Cranberries are commonly known to help alleviate urinary tract infections. But they also have several other perks that make them a worthwhile addition to any diet. Plus, their nutritional makeup promotes better overall bodily functions and well-being.
Nutritional Information and Profile
- 46 calories
- 4.6 grams of fiber
- 12.2 grams of carbohydrates
- 0.4 gram of protein
- 4 grams of sugar
- 0.1 gram of fat
Cranberries are an excellent source of both soluble and insoluble fiber, which is why they are so good for assisting with digestive help. But it’s also important to note that, like most high-fiber foods, eating large amounts of cranberries can lead to digestive problems such as diarrhea.
Similarly, cranberry juice has grown in popularity, but it has no fiber and often combined with other fruit juices as well as large amounts of sugar.
As for vitamins and minerals, cranberries are packed full of them:
- Vitamin C, which is the primary antioxidant in this fruit.

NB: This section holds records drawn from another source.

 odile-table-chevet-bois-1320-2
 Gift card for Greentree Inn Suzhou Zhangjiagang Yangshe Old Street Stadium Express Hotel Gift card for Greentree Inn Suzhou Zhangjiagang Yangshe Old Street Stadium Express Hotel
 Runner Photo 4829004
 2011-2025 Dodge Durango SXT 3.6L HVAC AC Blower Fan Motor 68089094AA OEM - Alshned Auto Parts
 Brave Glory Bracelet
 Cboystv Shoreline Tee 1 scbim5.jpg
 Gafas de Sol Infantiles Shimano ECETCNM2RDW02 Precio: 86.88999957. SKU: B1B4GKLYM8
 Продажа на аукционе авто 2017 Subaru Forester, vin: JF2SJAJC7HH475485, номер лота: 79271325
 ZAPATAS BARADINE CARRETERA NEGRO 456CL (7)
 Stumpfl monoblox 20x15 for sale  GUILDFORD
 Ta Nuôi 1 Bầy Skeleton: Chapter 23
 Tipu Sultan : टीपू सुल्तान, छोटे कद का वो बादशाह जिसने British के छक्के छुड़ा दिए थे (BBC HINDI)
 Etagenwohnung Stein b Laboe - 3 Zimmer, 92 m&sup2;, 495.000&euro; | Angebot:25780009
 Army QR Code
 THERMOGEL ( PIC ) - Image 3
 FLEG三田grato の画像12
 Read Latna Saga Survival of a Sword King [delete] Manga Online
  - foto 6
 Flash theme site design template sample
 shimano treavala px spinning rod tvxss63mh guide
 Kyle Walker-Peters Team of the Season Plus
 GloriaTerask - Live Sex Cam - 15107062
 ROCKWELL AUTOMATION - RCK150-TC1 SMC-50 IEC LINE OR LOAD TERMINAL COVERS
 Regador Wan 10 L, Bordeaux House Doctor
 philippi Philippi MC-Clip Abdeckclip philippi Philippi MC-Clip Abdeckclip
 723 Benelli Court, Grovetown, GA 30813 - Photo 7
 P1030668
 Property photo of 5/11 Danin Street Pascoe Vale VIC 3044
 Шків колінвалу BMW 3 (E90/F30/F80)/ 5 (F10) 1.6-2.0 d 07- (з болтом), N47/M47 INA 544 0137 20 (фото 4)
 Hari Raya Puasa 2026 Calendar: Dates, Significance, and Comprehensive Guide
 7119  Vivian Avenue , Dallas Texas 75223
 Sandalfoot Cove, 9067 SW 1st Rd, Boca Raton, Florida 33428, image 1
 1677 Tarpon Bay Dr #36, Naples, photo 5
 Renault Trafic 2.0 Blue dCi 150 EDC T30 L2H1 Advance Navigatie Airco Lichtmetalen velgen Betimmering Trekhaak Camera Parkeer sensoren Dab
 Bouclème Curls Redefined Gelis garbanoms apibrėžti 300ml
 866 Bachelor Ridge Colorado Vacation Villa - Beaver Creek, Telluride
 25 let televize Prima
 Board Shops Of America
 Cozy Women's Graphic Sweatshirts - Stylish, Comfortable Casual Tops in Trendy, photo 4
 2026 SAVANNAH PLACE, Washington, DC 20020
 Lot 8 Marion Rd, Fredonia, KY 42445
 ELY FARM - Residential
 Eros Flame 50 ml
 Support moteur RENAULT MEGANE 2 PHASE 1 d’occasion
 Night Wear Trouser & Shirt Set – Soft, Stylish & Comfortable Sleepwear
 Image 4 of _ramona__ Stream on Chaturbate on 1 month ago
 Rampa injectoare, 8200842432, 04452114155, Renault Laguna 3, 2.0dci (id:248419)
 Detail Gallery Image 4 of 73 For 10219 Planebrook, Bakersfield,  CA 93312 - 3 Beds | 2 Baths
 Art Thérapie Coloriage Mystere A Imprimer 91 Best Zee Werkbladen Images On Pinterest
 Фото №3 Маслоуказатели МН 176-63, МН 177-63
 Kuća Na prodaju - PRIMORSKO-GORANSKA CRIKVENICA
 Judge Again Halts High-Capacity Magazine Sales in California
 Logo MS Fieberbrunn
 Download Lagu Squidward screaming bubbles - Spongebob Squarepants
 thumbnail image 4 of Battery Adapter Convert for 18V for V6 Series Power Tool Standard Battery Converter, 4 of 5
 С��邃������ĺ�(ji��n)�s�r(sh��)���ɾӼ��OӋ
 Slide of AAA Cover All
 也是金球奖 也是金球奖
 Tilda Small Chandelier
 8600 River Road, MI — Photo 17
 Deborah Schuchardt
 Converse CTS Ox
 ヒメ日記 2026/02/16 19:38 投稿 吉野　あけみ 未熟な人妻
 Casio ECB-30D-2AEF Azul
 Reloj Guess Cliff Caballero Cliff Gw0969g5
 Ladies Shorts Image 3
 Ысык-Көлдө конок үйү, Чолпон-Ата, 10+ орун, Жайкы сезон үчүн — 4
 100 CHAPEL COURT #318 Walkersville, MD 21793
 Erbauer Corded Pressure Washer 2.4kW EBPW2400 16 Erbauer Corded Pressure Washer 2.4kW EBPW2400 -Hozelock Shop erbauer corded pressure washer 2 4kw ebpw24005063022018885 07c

Not only does vitamin C boost the immune system, but it also improves skin, muscle, and bone health.
- Manganese, a mineral that fuels the body’s growth, speeds metabolism and builds up its antioxidant system to effectively fight free radicals.
- Vitamin E, a fat-soluble antioxidant that protects cells from oxidative stress and damage.
- Vitamin K1, a necessary component in helping blood clot.
- Copper, a mineral found in the blood that works with iron nutrients to form red blood cells. Western diets often do not contain enough copper, which can lead to poor heart health.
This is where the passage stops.